REQUIREMENT - Below is a listing with pictures in it; transcribe exactly the lines from the one that has "ganni - gathered" through the one that has "DRAGON RIOT Steak", and omit those pictures.

DATA FOR PROCESSING -
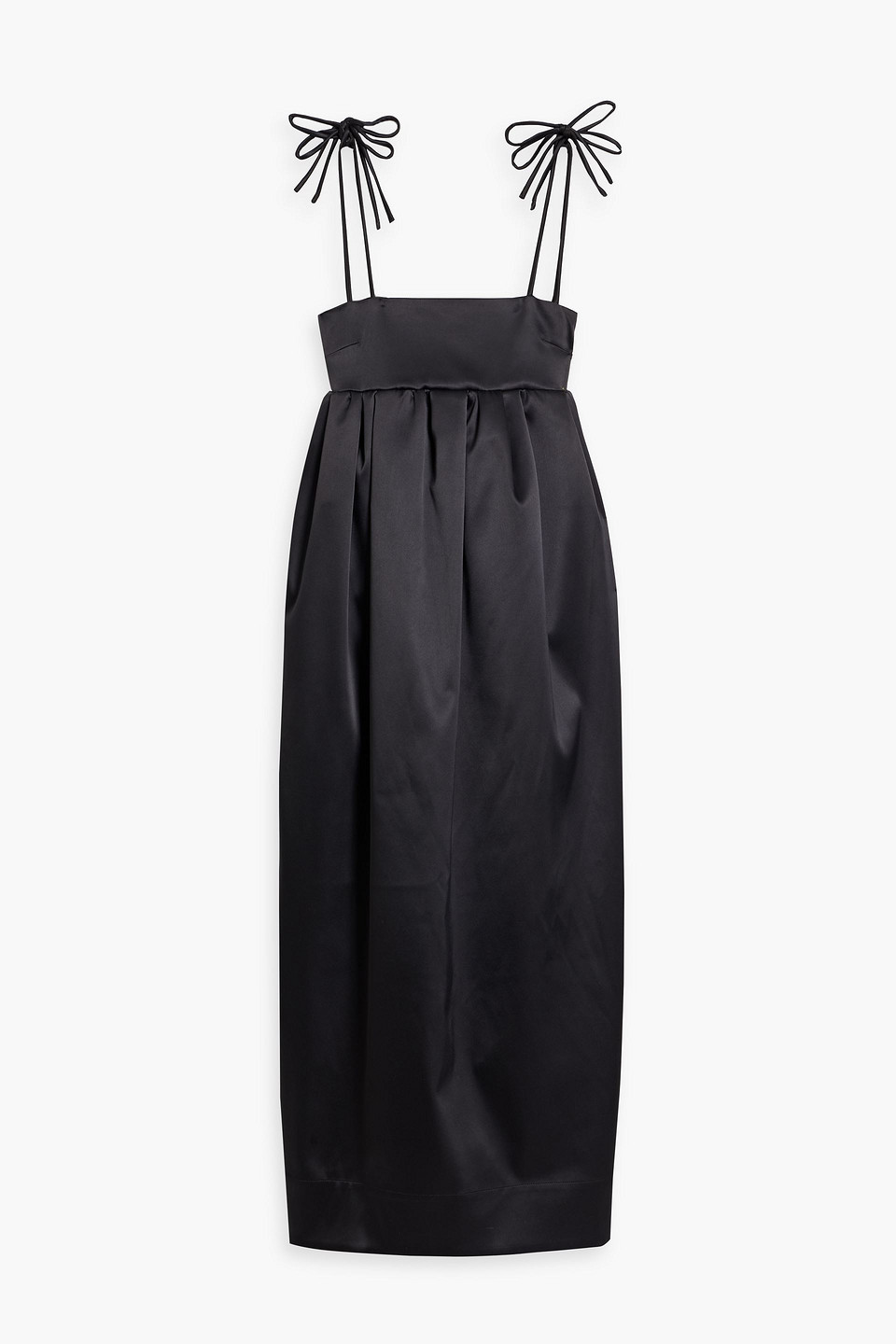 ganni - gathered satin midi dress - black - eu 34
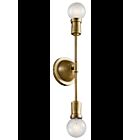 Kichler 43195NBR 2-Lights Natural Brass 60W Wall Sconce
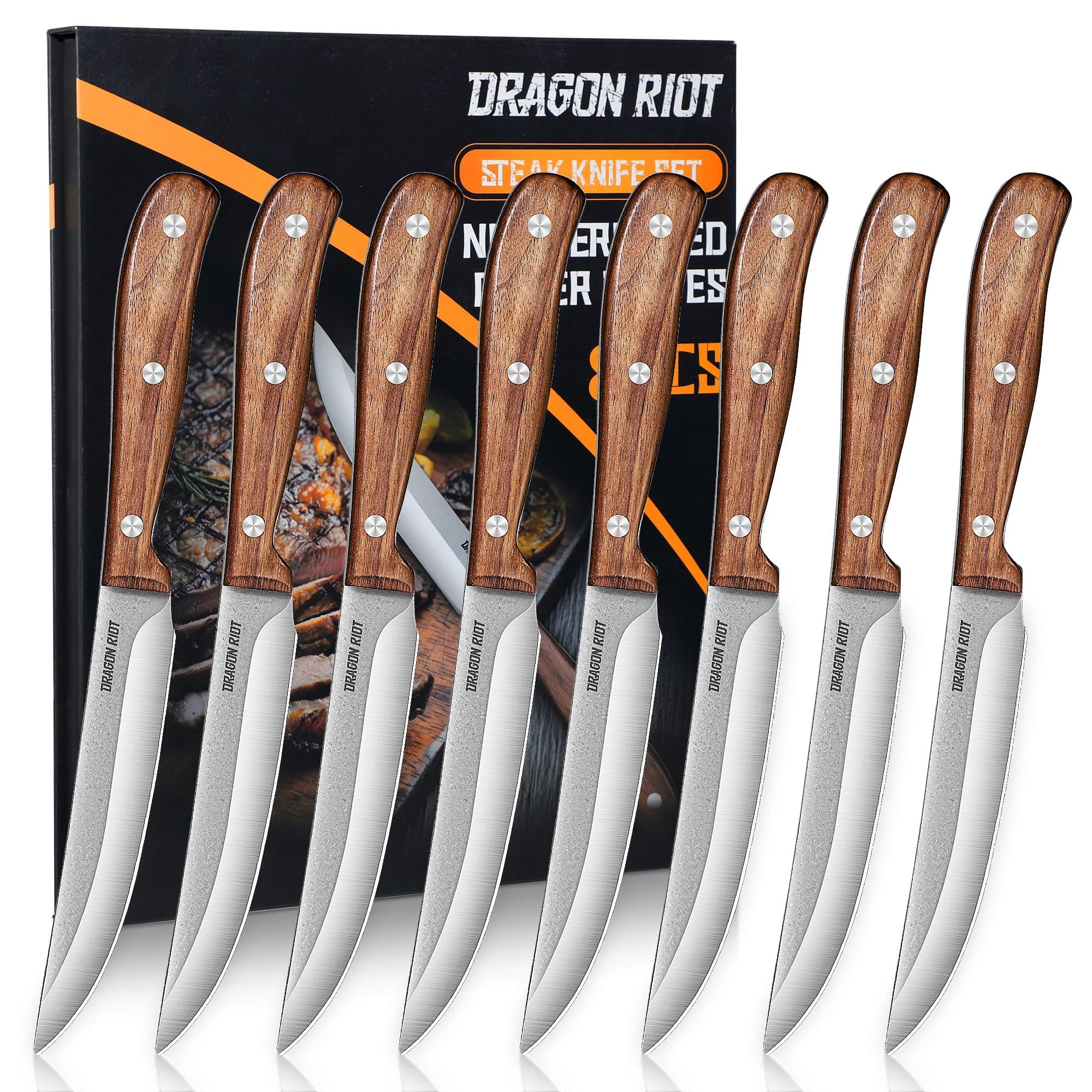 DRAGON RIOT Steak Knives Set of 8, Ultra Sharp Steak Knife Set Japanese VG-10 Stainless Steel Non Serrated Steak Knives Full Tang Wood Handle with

==

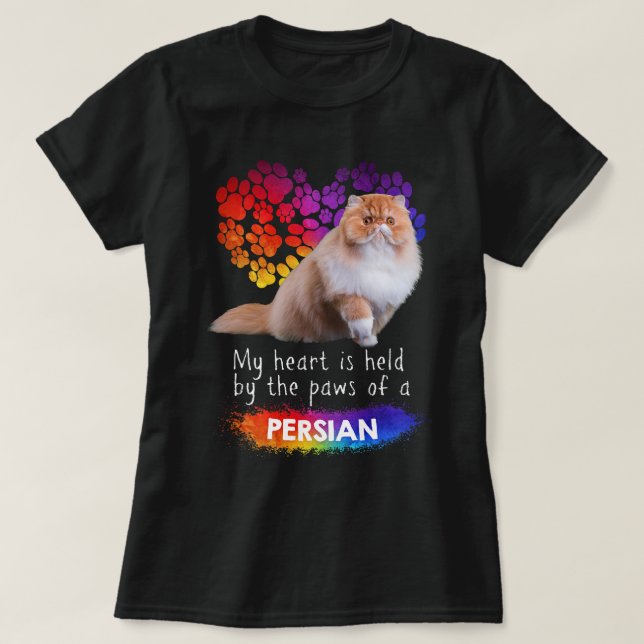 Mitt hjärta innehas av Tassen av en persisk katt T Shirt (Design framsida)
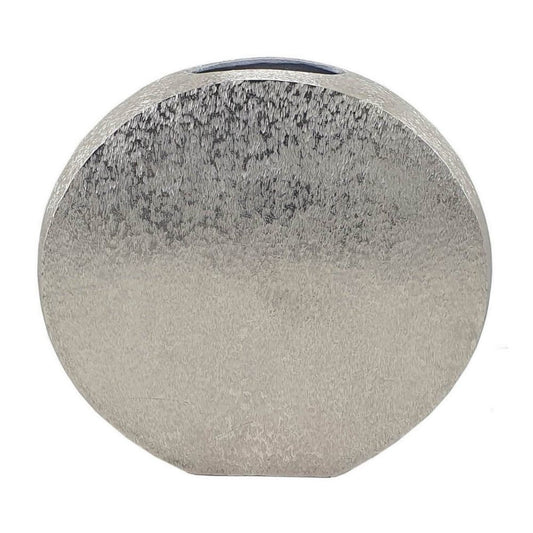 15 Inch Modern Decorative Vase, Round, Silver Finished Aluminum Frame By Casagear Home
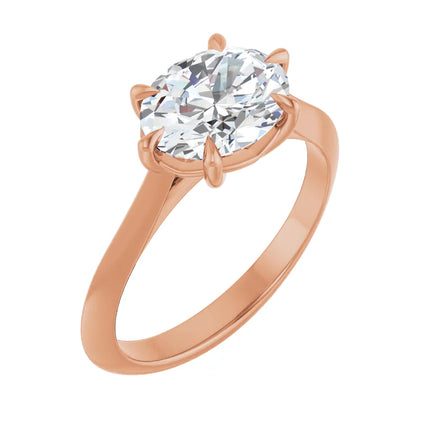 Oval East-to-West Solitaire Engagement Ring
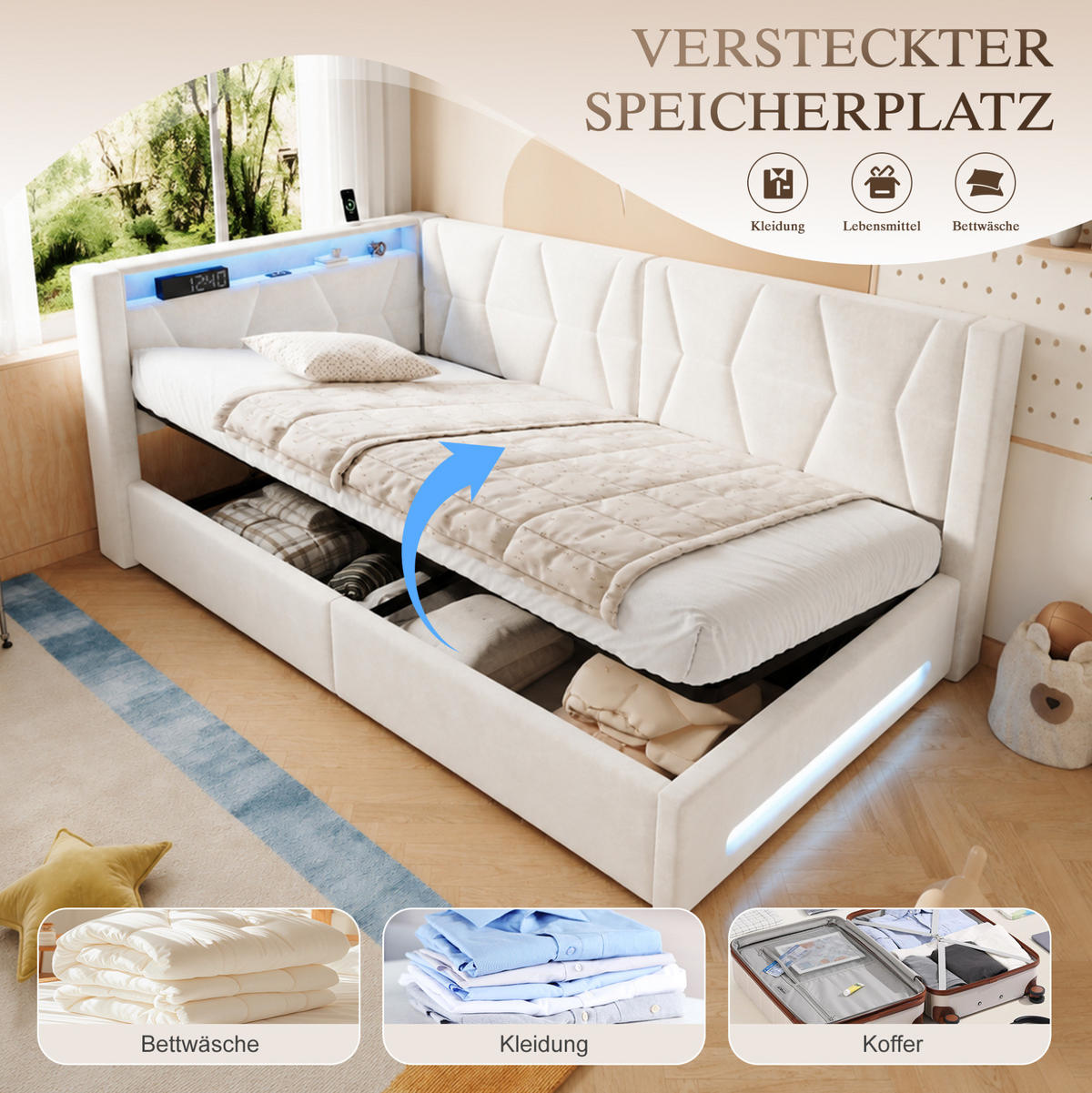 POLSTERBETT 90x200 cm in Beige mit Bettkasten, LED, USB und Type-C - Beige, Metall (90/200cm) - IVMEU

==

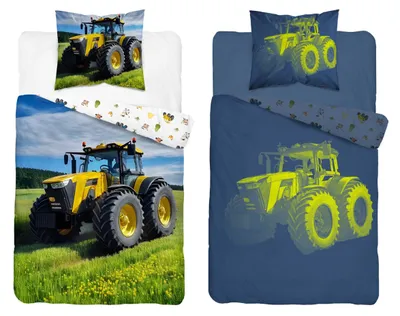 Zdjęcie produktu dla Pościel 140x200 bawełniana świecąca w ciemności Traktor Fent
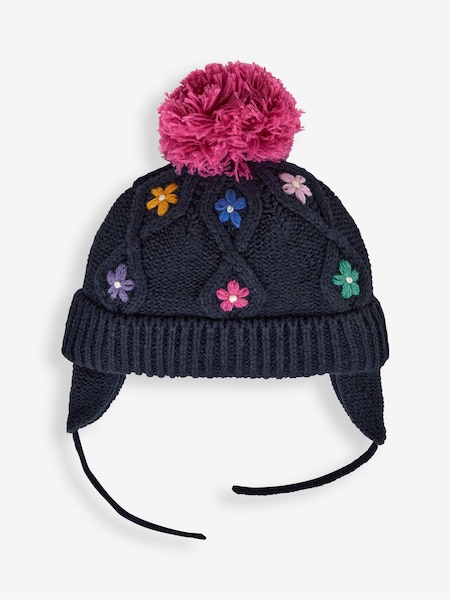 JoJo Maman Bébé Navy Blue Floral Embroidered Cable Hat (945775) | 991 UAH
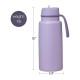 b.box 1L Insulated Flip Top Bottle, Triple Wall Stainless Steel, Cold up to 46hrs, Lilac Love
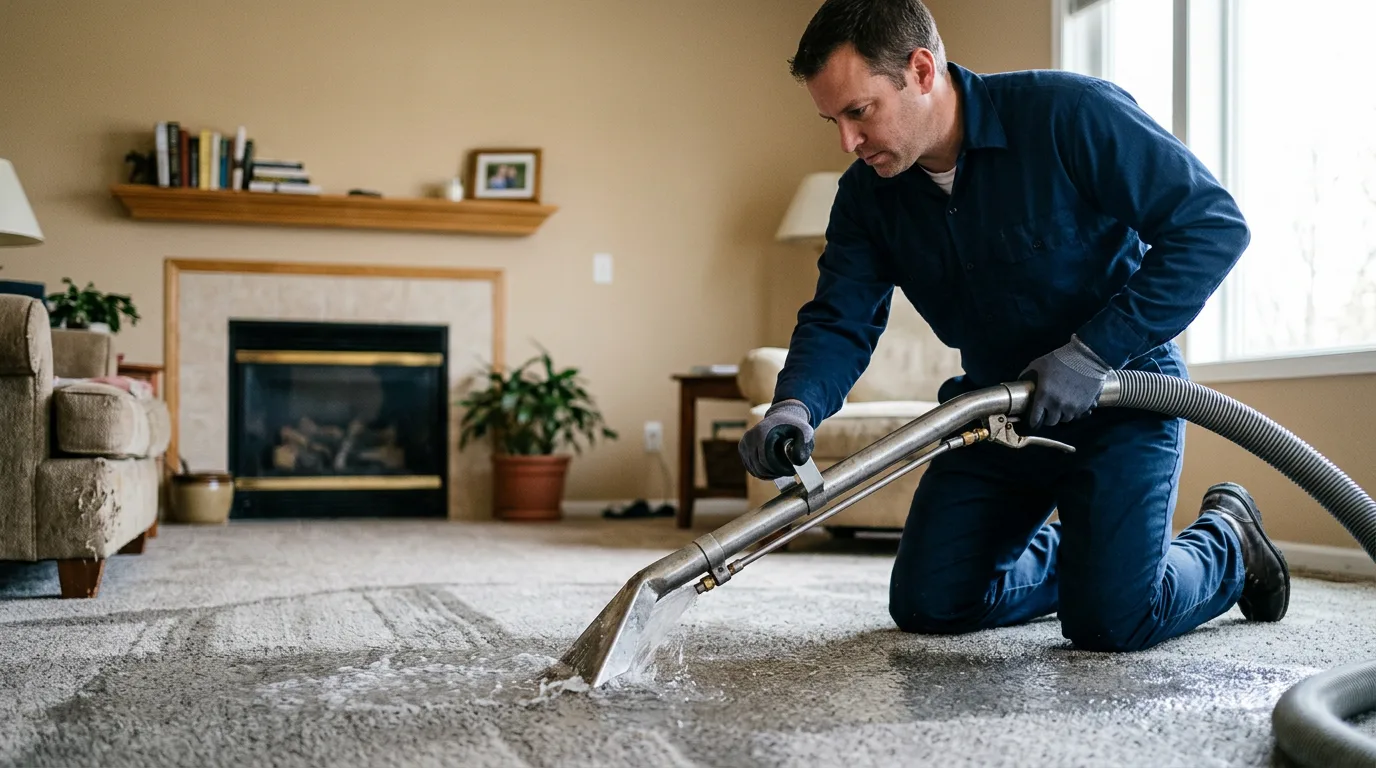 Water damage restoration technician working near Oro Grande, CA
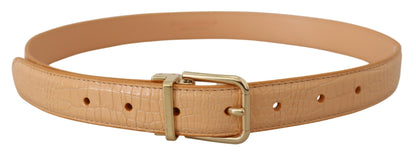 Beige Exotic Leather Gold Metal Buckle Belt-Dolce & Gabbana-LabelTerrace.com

YOUR RESPONSE -
 ganni - gathered satin midi dress - black - eu 34
 Kichler 43195NBR 2-Lights Natural Brass 60W Wall Sconce
 DRAGON RIOT Steak Knives Set of 8, Ultra Sharp Steak Knife Set Japanese VG-10 Stainless Steel Non Serrated Steak Knives Full Tang Wood Handle with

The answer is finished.